L’iceberg si chiama default, fallimento dello Stato, mancanza di soldi per pagare i dipendenti pubblici, servizi essenziali, opere, creditori. Nella sgangherata orchestra, fatta di trombette, piatti e cioccapiatti e qualche raro solista, è schierata larga parta parte dell’informazione che, ancora nelle prime notizie di queste ore, ci propina Moggi o le ultime veline del Cav.
Gli avventori al ballo naturalmente siamo noi. E balliamo nonostante, in sala, entri un soffio gelido.
Intanto nei porti dell’informazione (portali) anziché accendersi il faro che avvisa sul rischio default (fallimento), si accendono tante luci diverse e il rischio del fallimento è una delle tante notizie/luci del giorno, ma non la principale. Ma c’è una sostanziale differenza: che se non seguiamo il faro giusto e impattiamo, come pare, l’iceberg, il nostro garbato benessere cambia. Dall’oggi al domani. Perché quando uno stato fallisce non paga i contratti al pari di una qualsiasi ditta fallita. E i primi contratti non pagati sarebbero quelli degli statali: sanità, scuola, forze dell’ordine… Nelle zone più depresse o svantaggiate – leggasi Appennino – questo avrebbe conseguenze devastanti più che nelle città. Al pari per le fasce più deboli.
La cosa è talmente preoccupante che oggi, manco fosse un consiglio dei ministri, si è riunito un consiglio straordinario di Confindustria, ovvero il potere economico privato così rappresentato.
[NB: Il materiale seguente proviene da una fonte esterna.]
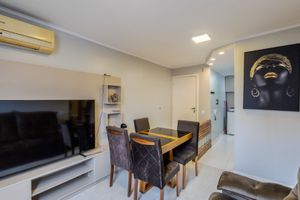 Image 16 - 877715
Uno scenario da brivido. Siamo appesi al “senso di responsabilità della classe politica”. Cioè quei politici casta che hanno dimostrato di sapere chiedere sacrifici agli altri ma non a loro stessi nemmeno per risparmiare su privilegi che gridano vendetta al cielo, destra e sinistra assieme.
In sala chi non balla è in attesa di un governo tecnico che emani una manovra finanziaria, capace di fare deviare la nave, con un colpo di timone chiamato patrimoniale (tassa sul patrimonio di tutti), in stile Amato 1992. Una patrimoniale che, se sarà intelligente, colpirà davvero tutti (sigh! partendo da quelli che hanno sempre pagato le tasse, classi più deboli comprese), compresi coloro i quali hanno patrimoni (ma magari non sempre hanno pagato le tasse). Quando questo ballo finirà, ci sarà comunque da uscirne ammaccati. Vuoi per l’iceberg, vuoi per il deviare improvviso di rotta e il navigare a vista tra gli scogli consumando chissà quanto carburante.
Forse nell’attesa davvero vale la pena continuare a danzare e non sentire il brivido freddo che fa capolino in sala?
PS: Ridano pochi i cugini d’oltralpe sulla portaerei atomica Clemenceau: ci seguono a ruota nello stesso mare.
Il voto
la massa
non serve
governa chi vince il potere
il potere vince chi governa
non serve
la massa
il voto.
Poesia in forma di croce di L. Ziveri. ( Zivaroski)
…abbiamo peccato, abbiamo peccato tutti producendo la classe dirigente che dagli ’80 ad oggi ci governa, ma è dopo “il peccato” che si fanno gli esami di coscienza e le penitenze per non finire all’inferno.
…e il naufragar NON mi è dolce in questo mare…
Per quanto riguarda invece “il brivido”, quello c’è sempre davanti ad una domanda di cui non solo non si conosce la risposta ma saranno altri a darla per te.